A day in and around Urubamba

After our long day of sightseeing yesterday, we decided to stay local for the day and explore the town of Urubamba where we are staying.  Our villa is nestled in a lush green gated complex on the edge of the town, with amazing views of the surrounding mountains.  We are so lucky to be staying here!  Margarita has been taking care of us and could not be more lovely.  She doesn’t speak much English so it’s been up to me to communicate with her on behalf of us all…hard work!  She and her husband Raul live next door to the villa with their 4 daughters, aged approximately 12, 10, 8 years old then their 8 month old baby.  Her husband takes care of the grounds and maintenance and her older girls attend the local Catholic school where they are taught by nuns.

Unfortunately, Derek has been stricken by some sort of bug along with the altitude sickness, but Margarita has gone out of her way to make special tea remedies and has dispensed dietary advice.  Our own Dr. Chris happily deferred to her for expertise and she jokingly called him the “big doctor” and herself, the “little doctor”.


Our first order of business in town was to figure out where to buy duffle bags for transporting all our purchases back home!  We figured it out pretty quickly then stopped in at the market, opting to go upstairs so that we had a somewhat birds-eye view.  I don’t think I could ever tire of looking at the food markets in this country, a veritable explosion of color, variety and activity.  Love it.  We should aspire to be more like this in our part of the world….

Our group split up at some point and we all went off on our own little adventures!  Some of us opted to wander around the streets.  Derek and Chris were thrilled to find a place to drink Chica beer again, this time in what appeared to be someone’s very basic home.  They paid just one Soles for a large glass and were thrilled to bits.  Meanwhile, elsewhere in town, DJ, Lance and Silvia found a local bar hidden behind a building where they enjoyed beer and Pisco Sours with the locals.  They too had a blast!  While all this time was going on, I took some pictures while wandering around town…

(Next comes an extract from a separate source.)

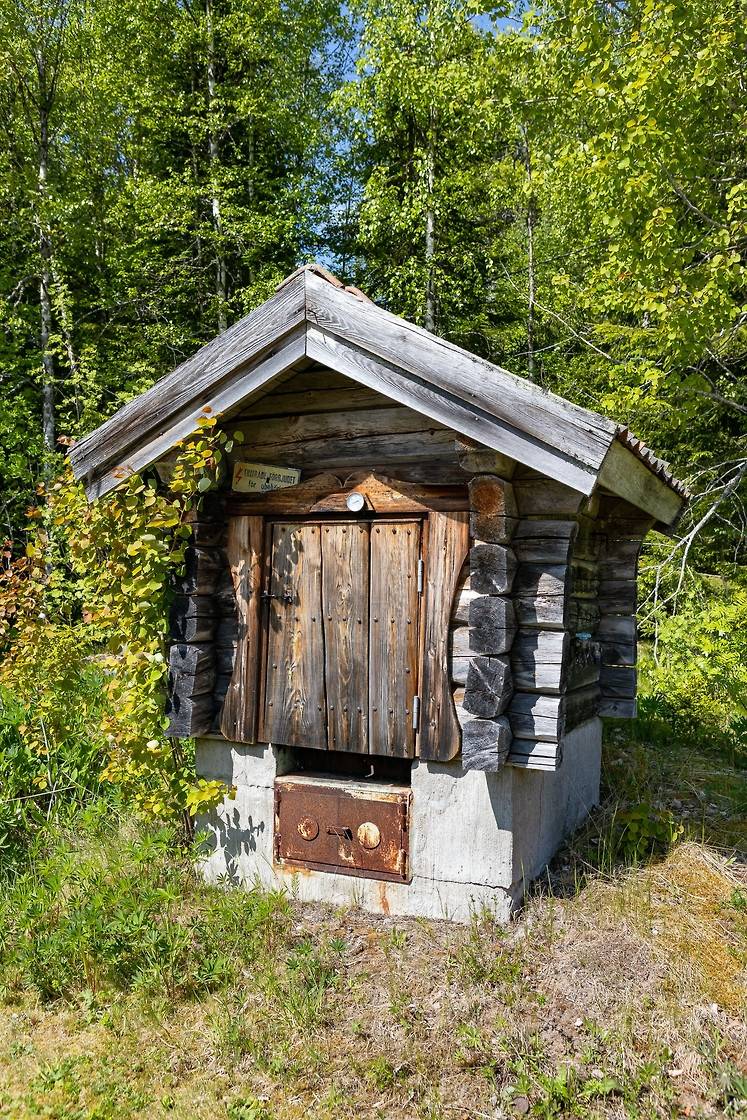3 rum Vinterbonat fritidshus på Hållberget 6 Bingsjö Rättviks kommun - bild 19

We had decided to meet up around 2:00 for a big lunch with the idea that we could enjoy a light dinner at the villa for our last night there.  We picked Margarita’s recommendation, a place I don’t think she had ever been to, but where guests before us had really enjoyed their meals.  Q’anela is evidently popular with tourists such as ourselves, tucked down a side street from the main square.  We enjoyed our obligatory Pisco Sours, this time changing things up a bit by getting a different flavor.  I picked ginger, Heather tried Passion Fruit.  Delicious!  We shared tequenos for an appetizer as well as a chopped fresh salad and then I had Pork Chichurron, delicious pork belly with a creole sauce, onion salad and roasted potatoes.  Really, really good.  Cherry had Trout with shrimp sauce, Cindy had beef, Heather had lasagne and there were various bowls of soup and other delicacies on the table.  One of the highlights of the meal was a visit under the table from a little black puppy which Silvia took an immediate liking to, so much so that the little boy who had apparently just acquired it yesterday, started to cry as he thought she was going to take him!  She felt awful and we naturally gave her a hard time about it…. she ended up showing him a picture of her dog whom she had recently very sadly put to sleep.  She told him that he was sleeping, which the rest of us interpreted as her telling him in a nice way that he was no longer alive, which caused some of US to cry!  In actual fact, he was simply sleeping in the photo and Silvia had no intention of upsetting this poor boy anymore!

After lunch, we once again split up, with the guys heading for more chica and local watering holes.  Cherry, Cindy, Silvia, Heather and I headed to the Seminario Ceramic Studio on the other side of town, a somewhat posher part on a tree lined street.  Heather had read about this studio where in fact the husband and wife artists actually live too.  Pablo Seminario and Marilou Behar founded the studio back in 1979.  Their work is exhibited globally including museums in Chicago and New York.  They have since trained local artisans in the techniques and designs from ancient Peruvian cultures and have thus been able to produce a lot more pieces.  It was fascinating to see their beautiful complex and witness the creativity throughout.  We happily purchased several items in the shop at the conclusion of our tour.

Our final stop in town was at the local bar where the others were gathered, playing a game of sapo, drinking beer and….wait for it….ugh…..watching Guinean pigs being prepped for dinner time.  I didn’t witness them being alive, I arrived at the gutting part.  Definitely not a fun spectacle but kind of morbidly fascinating at the same time. I’m debating whether or not to post the pictures and have decided not to for now… We opted to take moto taxis back to the villa, which are essentially like Asian Tuk tuks.  A fun ride through town which brought most of us back in good time, except for DJ and Heather who were taken somewhere completely different much to their amusement!

When everyone had finally made it back, Lucas, having bought a bunch of different vegetables and peppers, proceeded to make a stir fry with quinoa.  A delicious but very spicy dish that some could handle, some could not!  Time to pack….our magical adventure is coming to a conclusion.  Back to Lima tomorrow for one last night.